Bernoulli’s Equation (Energy Conservation): For the steady flow of an ideal, incompressible fluid, the sum of pressure energy, kinetic energy per unit volume, and potential energy per unit volume remains constant along any streamline:
P + 1/2 ρ v² + ρ g h = Constant
Torricelli’s Law of Efflux: The speed at which a liquid flows out of a small hole (orifice) at a depth h below the open surface of an open tank equals the speed a free-falling object would attain falling from the same height:
v = √(2gh)
Time of Flight for the escaping jet to hit the ground:
t = √(2(H - h) / g)
(where H is the total height of the liquid column).
Horizontal Range:
R = v · t = 2√(h(H - h))
Range is maximized when the hole is drilled exactly at the mid-height of the tank (h = H/2).
Viscosity measures a fluid's internal resistance to flow, acting as internal friction between adjacent liquid layers that are moving at different speeds.
Viscous forces depend on the relative velocity between fluid layers. When an object falls through a viscous fluid, this drag force increases until it balances gravity, causing the object to reach a constant terminal velocity.
Newton’s Law of Viscosity: The viscous force (F) acting between two parallel fluid layers is directly proportional to their contact area (A) and the velocity gradient (dv/dx) perpendicular to the flow:
F = -η A (dv/dx)
[where η is the Coefficient of Viscosity; SI Unit: Decapoise or Pa·s]
Stokes’ Law: For a tiny solid sphere of radius r moving at speed v through an infinite, uniform fluid with viscosity η, the resistive drag force is:
F_drag = 6π η r v
Terminal Velocity (v_T): The constant, maximum velocity attained by a sphere falling through a viscous fluid, achieved when the net downward gravitational force is perfectly balanced by the upward buoyant and viscous drag forces:
F_viscous + F_buoyancy = F_gravity
⇒ 6π η r v_T + (4/3)π r³ ρ_fluid g = (4/3)π r³ ρ_solid g
v_T = (2/9) · [ r²(ρ_solid - ρ_fluid) g / η ]

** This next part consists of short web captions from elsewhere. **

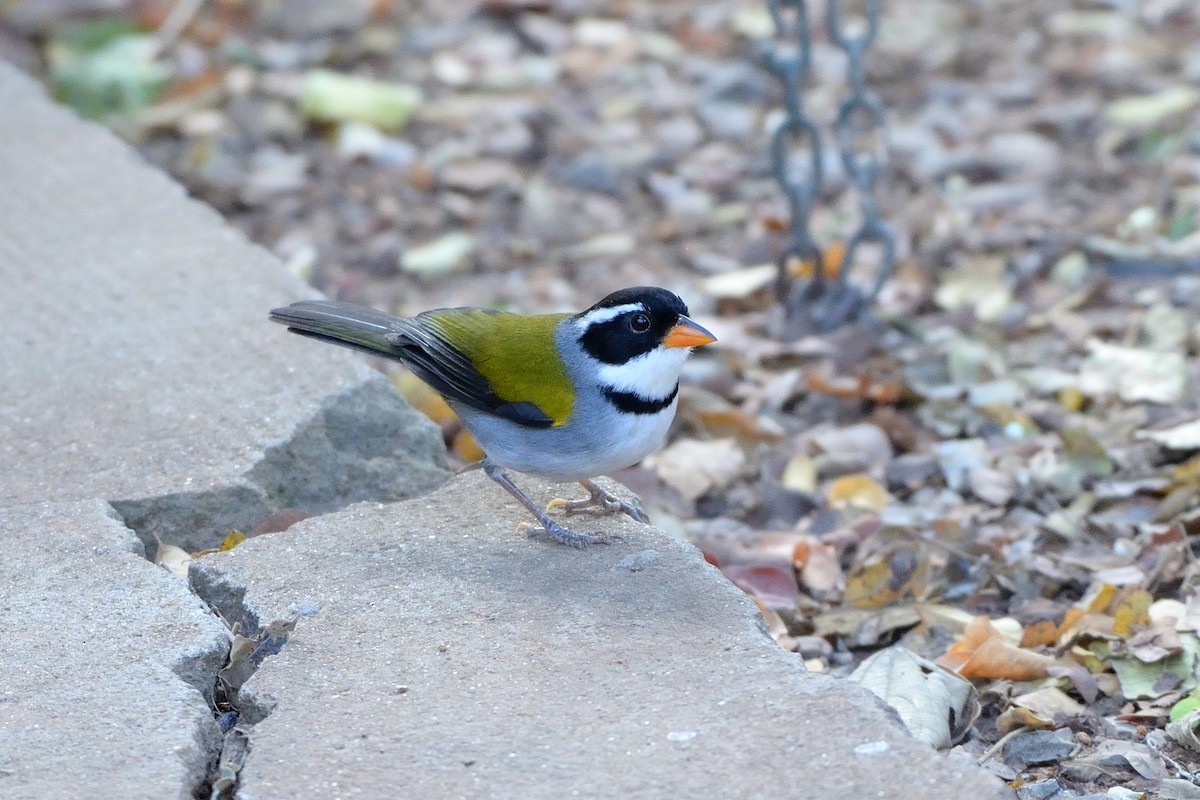Saffron-billed Sparrow (Saffron-billed) - ML624043061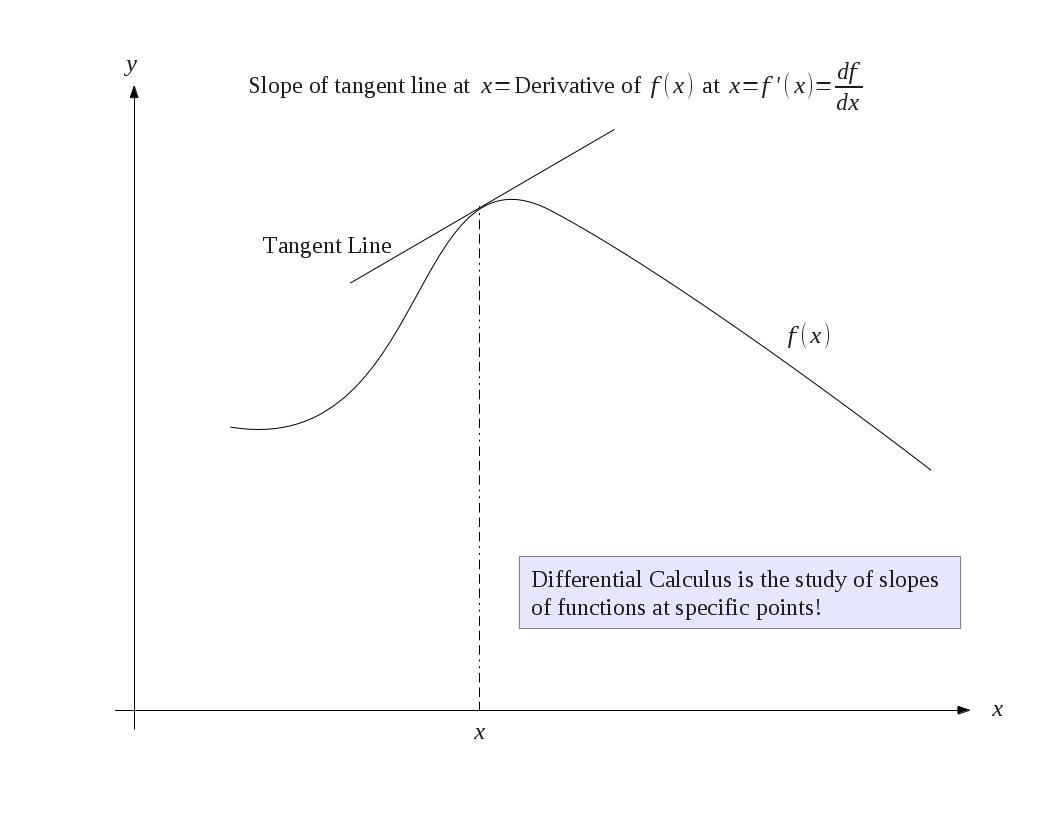 Overview of Differentiation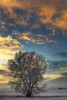Frosted tree in snow-covered field at sunset with colourful clouds and blue sky; Alberta, Canada Poster Print by Michael Interisano / Design Pics - Item # VARDPI12533008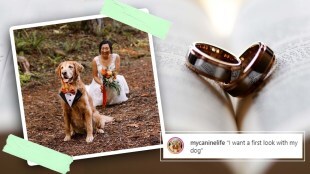 wedding day
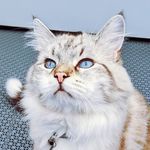 Earl the Siberian - @gossip_earl - Instagram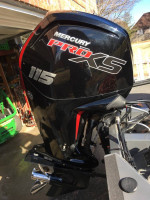 Bass Tracker Pro Team 190 tx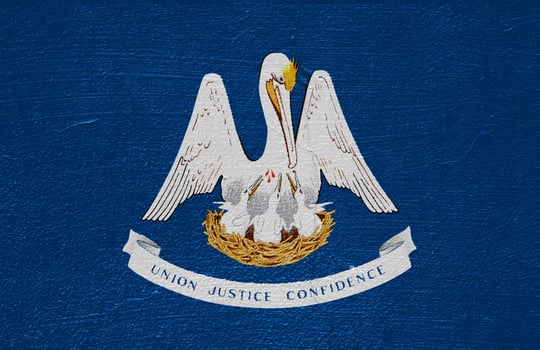 Flag of Louisiana US state on a textured background. Concept collage. photo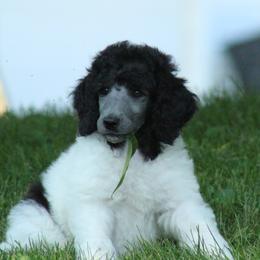 Poodle Puppies from Chapel Hill Poodles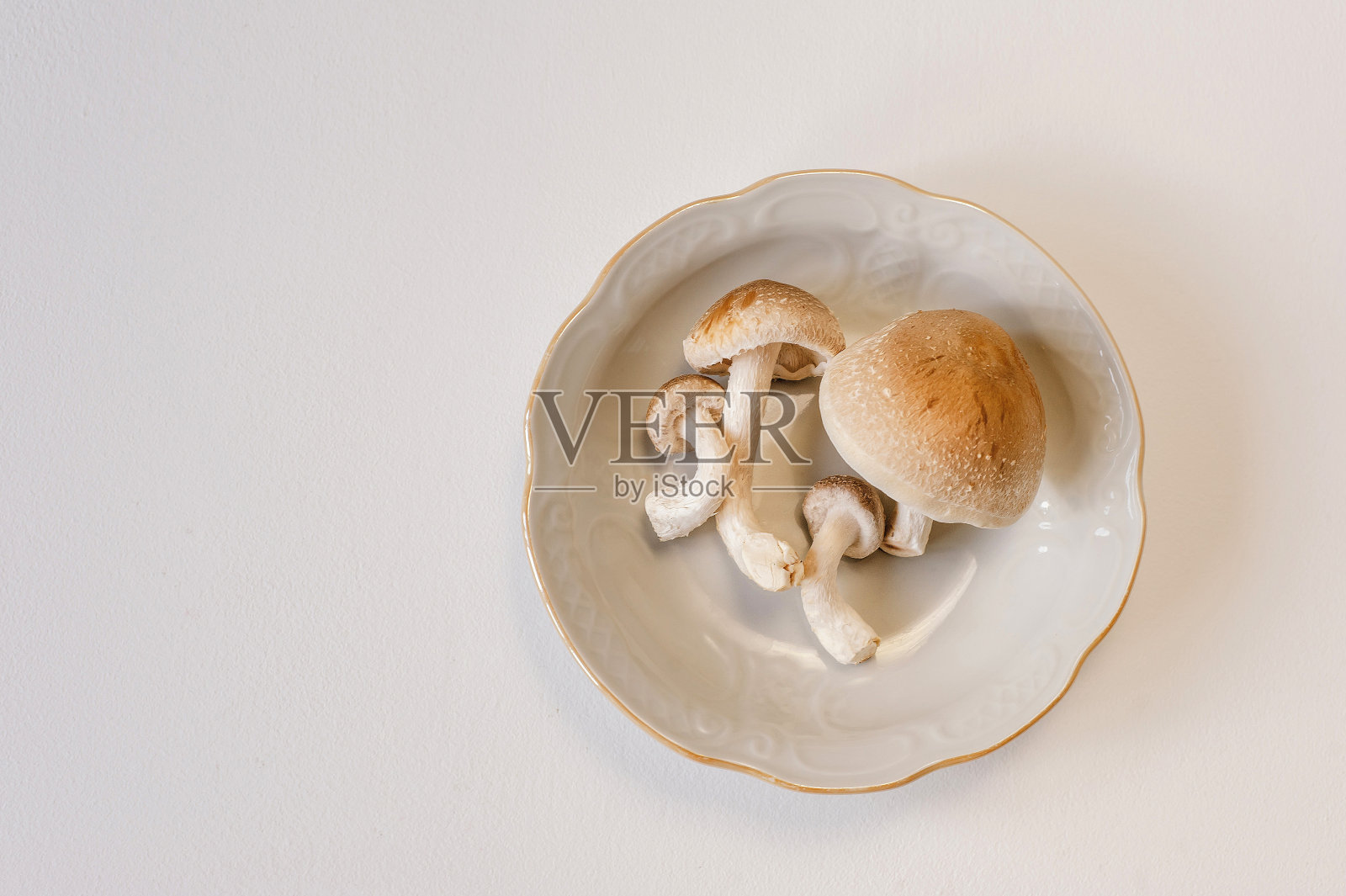 新鲜的香菇放在白色背景的盘子里。俯视图close up with copy space。照片摄影图片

Surface tension is a molecular property of liquids caused by cohesive forces between molecules. This imbalance of forces draws surface molecules inward, making the liquid surface behave like a stretched elastic membrane.
Surface tension values track the energy required to expand a liquid's surface area. This surface curvature creates a pressure difference across the boundary, causing liquids to rise or fall inside narrow tubes.
Surface Tension (T or S): Calculated as the force per unit length acting along an imaginary line drawn on the liquid surface, or as the work required to increase the surface area by a unit amount:
T = F / L = dW / dA
[SI Unit: N/m or J/m²]
Excess Pressure Formulations (ΔP = P_concave - P_convex):
Single-Curvature Liquid Meniscus / Curved Surface: ΔP = 2T / R
Liquid Drop in Air (1 Free Surface): ΔP = 2T / R
Air Bubble Inside Liquid (1 Free Surface): ΔP = 2T / R
Soap Bubble in Air (2 Concentric Free Surfaces): ΔP = 4T / R
Capillary Rise (Gurin’s Law): When a narrow glass tube of radius r is dipped into a liquid that wets the glass, the liquid rises to a height h to balance the vertical component of surface tension against the weight of the fluid column:
2π r T cosθ = ρ (π r² h) g
⇒ h = (2T cosθ) / (ρ r g)
(Where θ is the contact angle between the liquid and the tube wall. If θ < 90°, the meniscus is concave and the liquid rises; if θ > 90°, the meniscus is convex and the liquid is depressed.
A clear understanding of the properties of solids and liquids helps in solving a wide range of JEE problems based on elasticity, viscosity, and surface tension. Regular practice of concepts and numerical questions from this chapter can improve both accuracy and confidence in the exam.